[[ Information shown, beginning ]]

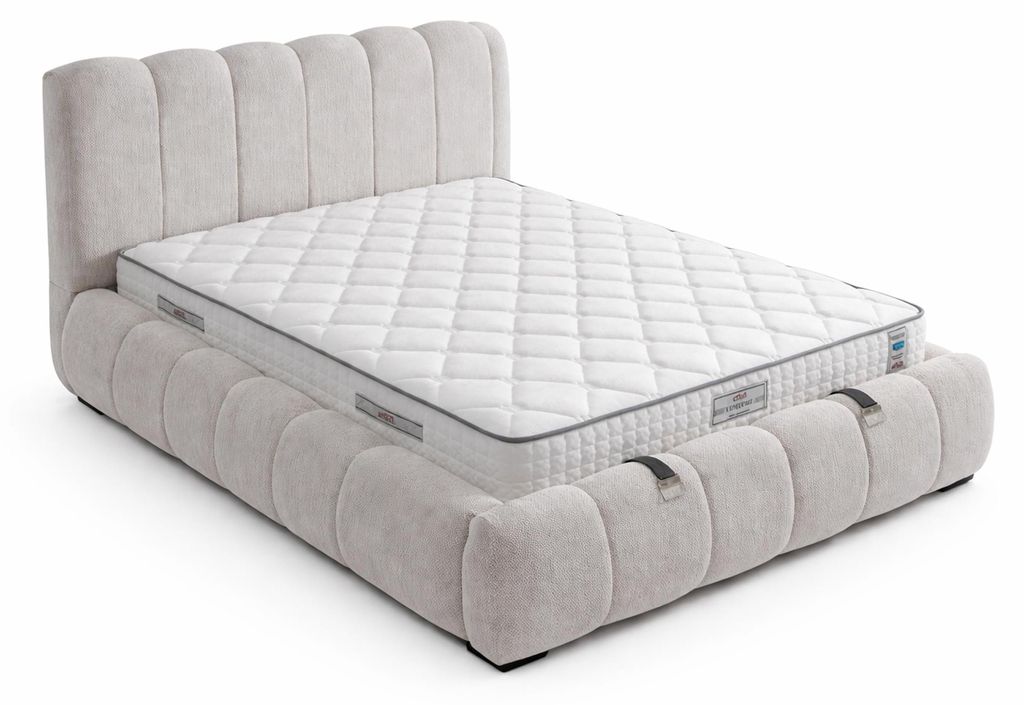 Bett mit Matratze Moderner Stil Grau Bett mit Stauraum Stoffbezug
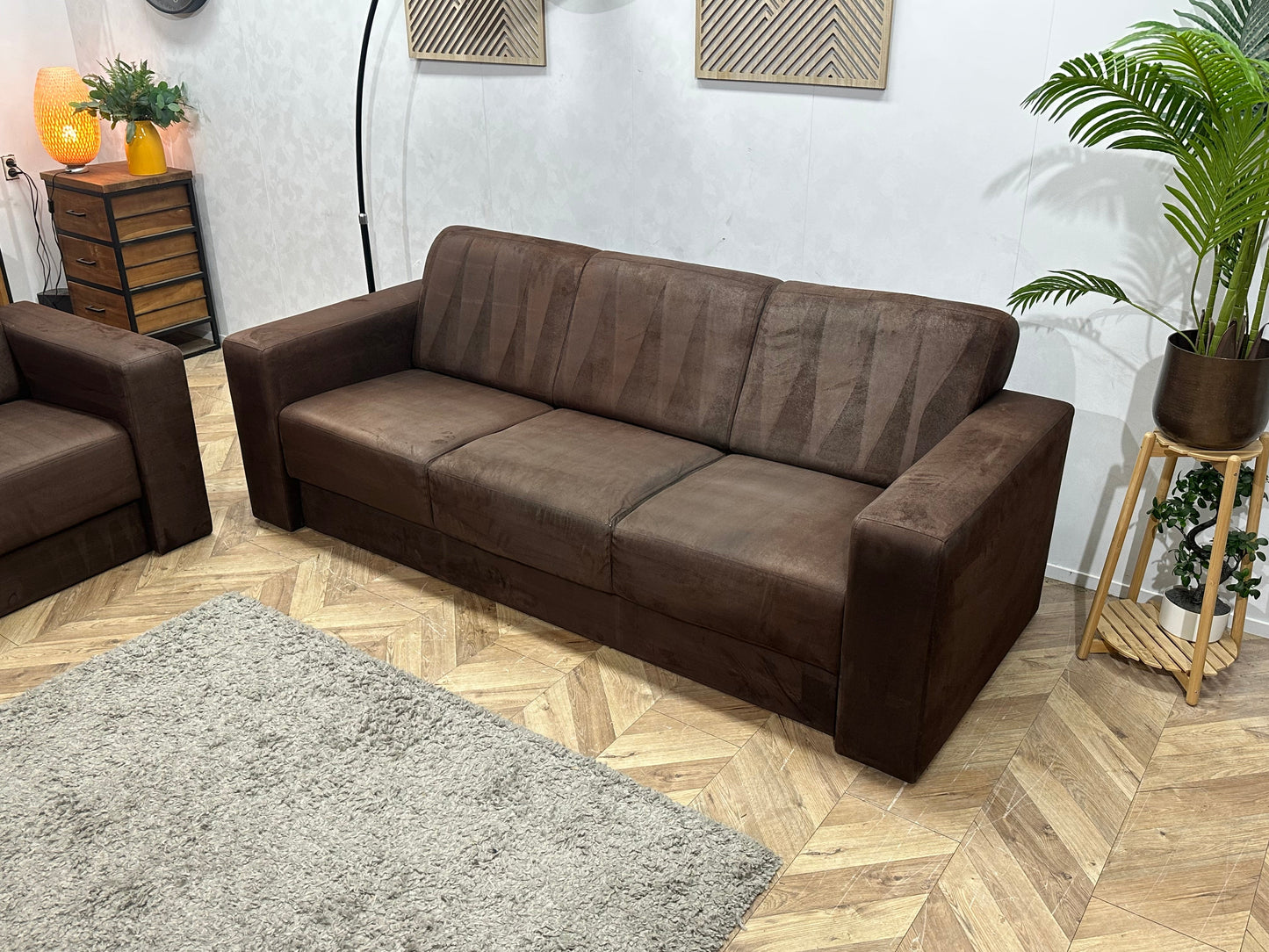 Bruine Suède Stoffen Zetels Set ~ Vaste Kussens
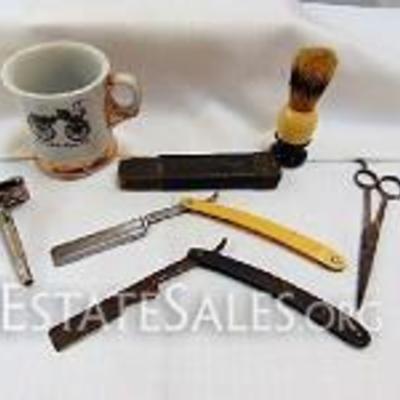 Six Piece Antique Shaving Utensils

[[ Information shown, end ]]
[[ Information shown, beginning ]]

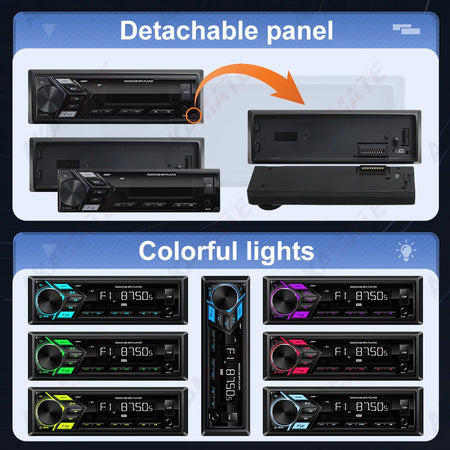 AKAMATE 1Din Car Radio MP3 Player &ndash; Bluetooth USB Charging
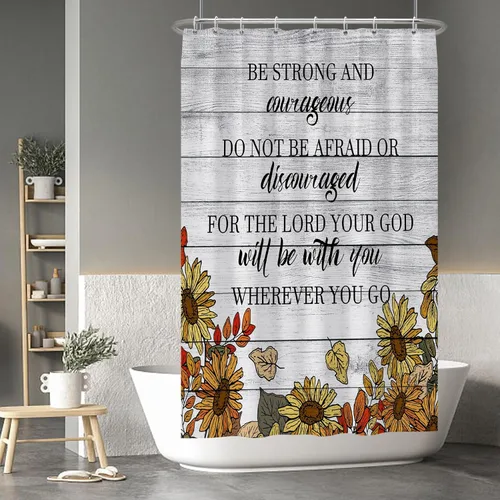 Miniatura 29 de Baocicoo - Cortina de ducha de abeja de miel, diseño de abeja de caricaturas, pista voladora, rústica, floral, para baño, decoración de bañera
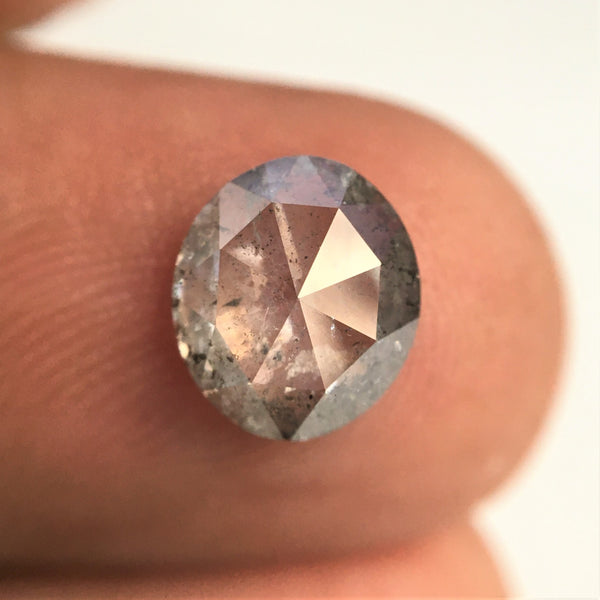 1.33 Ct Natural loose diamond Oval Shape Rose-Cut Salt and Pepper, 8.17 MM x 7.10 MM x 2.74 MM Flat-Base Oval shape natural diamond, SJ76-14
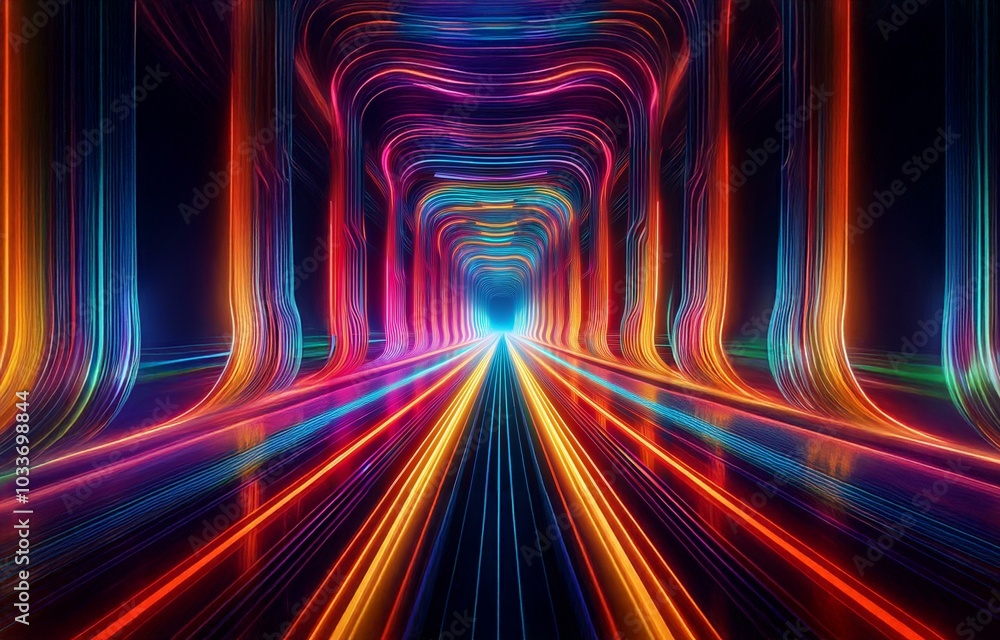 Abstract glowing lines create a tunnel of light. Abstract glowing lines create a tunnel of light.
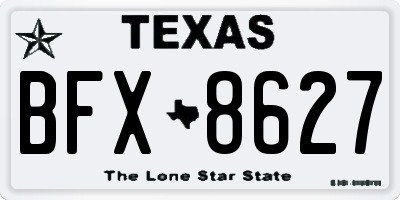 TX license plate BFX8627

[[ Information shown, end ]]

• **What is being asked**:
The expected output is the lines above from the one containing "Abstract glowing lines create a tunnel of light. Abstract" to the one containing "TX license plate BFX8627", both ends included, reproduced exactly with every picture left out.

• **Exercise result**:
 Abstract glowing lines create a tunnel of light. Abstract glowing lines create a tunnel of light.
 TX license plate BFX8627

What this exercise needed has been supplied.